Last week, there spoke at our church (Imago Dei) a reverand from Sudan named Celestin Musekura. I, unfortunately, was speaking at a conference that weekend and missed his sermon (I highly urge you to download the sermon and listen to it: here). This man and his family lived in and through the Rwanda genocide in the early 1990s. He encouraged the church body to see the new movie Hotel Rwanda. He assured us that the movie was a painfully true representation of what happened there.
So, my close friend Josh “Social Activist” Butler suggested that we, the band, take a break from our weekly Monday practice and go watch the movie together. The women couldn’t attend, so it became a sort of “guys’ movie night”. Now I realize that none of us were prepared for what we would see and experience in this movie.
Don’t worry, I’m not going to give any spoilers in this post, but I can tell you that I came away from the movie utterly disgusted with myself and the western world. At a time when we’re at war in Iraq (over less than clear humanitarian reasons and more for political and economical motivations), this movie puts human suffering and genocide on the map.
After seeing this movie and processing it over a few pale ales at the Virginia Cafe with Josh and Anthony “mad MAX driver” Forrester, two strong gutteral responses welled up deep within me: shame and outrage.
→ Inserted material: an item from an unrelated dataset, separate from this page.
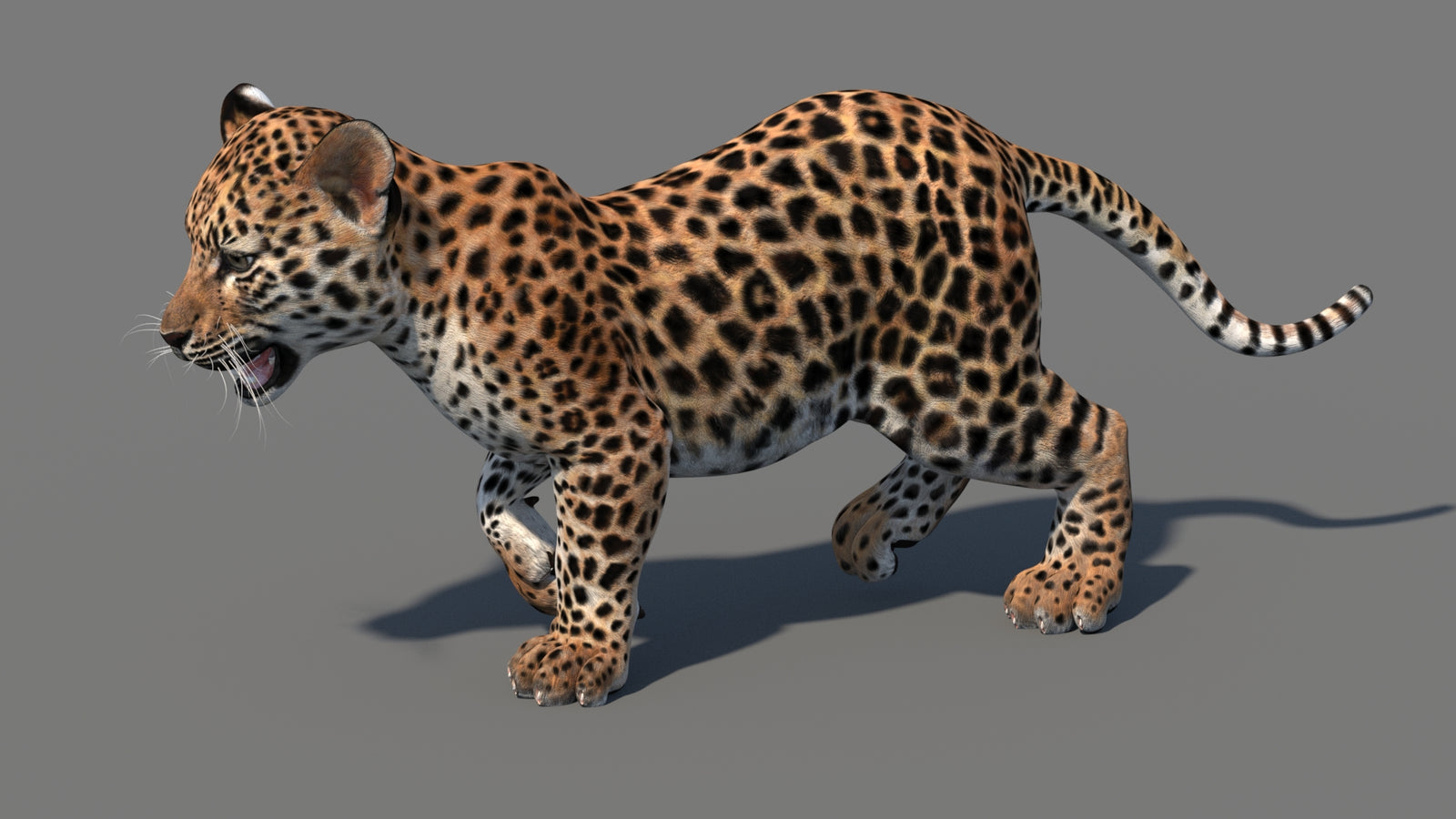 Animated Leopard Cub 3D Model 360° view 4 frame 8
Shame for my past personal indifference to the Rwandan genocide. Shame for my current lack of involvement in the current Sudanese crisis. Outrage that my country and the world powers did so little to intervene and stop the massive killings (estimated to be around 800.000).Here is a quote from Clinton’s State Department on the issue in June 1994:
“That’s just not a question that I’m in a position to answer.”
“Well, is it true that you have specific guidance not to use the word ‘genocide’ in isolation, but always to preface it with these words ‘acts of’?”
I think the most outrageous aspect of international genocide and human rights violations, is how (apparently) little the Church (i.e., the global Christian church, not just Catholics or protestants, etc) is doing about them. Christ was the ultimate human rights crusader and advocate for the poor, helpless, sick, and downtrodden. The Church appears to me to have (willingly vs. unknowningly?) allowed itself to become marginalized and impotent in these matters. Josh had a great idea: what if we staged a 40 day public fast (say, in Portland’s Pioneer Courthouse Square) for solidarity and to speak of our outrage against the atrocities in Sudan? What if? Lent would be a perfect time to do it (but we’re already now 2 weeks into Lent). Hmm… This summer? Next year’s Lent?
These genocides are absolute travesties. What should I be doing about this? I’m not totally sure of that yet, but I will be thinking and praying about it. Here’s a good place to start too: Passion of the Present (Sudan).
:: peder ::
So, as so often happens, I had an epiphany as I was in bed talking to Holly, peparing for the highly-anticipated slumber…
We were catching up with each other (time with each other since returning from Hawaii has been severely limited by my need to complete a presentation for a conference this weekend in Sun River, Orygun). She was sharing some intimate, (very) deep, personal spiritual insights and thoughts about what she was learning in her spiritual formation class (intense) at Imago. It is amazing how much she has learned about herself and her relationship with God within just a few weeks. She was relating about how most of this new learning was coming about via a lot of purposeful introspection and quiet reflection. As she was telling me this, I became quite morose. However, I didn’t know I was morose, yet. What I felt, suddenly, was “The Funk.”
The Funk, as you may know, may be defined one of many ways, including that syncopated afro beat made famous in the 1970s by Herbie Hancock, Bootsy Collins, Curtis Mayfield, and George Clinton. The funk I’m talking about, though, is that sudden, seemingly unexplainable, temporary feeling of depression, loss, or longing. Its etiology is usually just… out of reach. Perceptible but frustratingly intangible. This time, though, I was able to pinpoint the causitive factor: timelessness.
After some thought regarding the matter, I realized (lightbulb anyone?) that I have been suffering from a lack of reflection. I’ve always wondered (with some cynicism no doubt) how the average American, who watches 4 hours of TV per day, has time to effectively reflect on current events or politics, let alone delve into more important existential issues. I thought I was “ahead of the game”, since I don’t watch the tele at all. I oft thought aloud proudly, “I have an extra 4 hours a day to be a better, reflective person, not just one of those ‘reactive’ American types.”
Instead, much to my chagrin, I’ve succumbed to the same “busy-ness” of which most other people around me are victims. I have filled my evenings with an extraordinary time on the computer, including researching current events, reading blogs, reading thoughtful theological articles and critiques, responding to a gizillion emails from friends and Classic Jazz Corner listeners, et cetera ad nauseam. I desperately need more time to think. How can this be done, when so many of the things listed above are relative needs for me right now? I’m pulled from many directions - family, God, work, personal interests (fewer and fewer hobbies), exercise, etc. Maybe I’ll sleep less. Maybe I’ll give up blogging (rarely do it anyway). Should I give up the jazz broadcast? Unfortunately, the solution is the problem: time to think. Ack.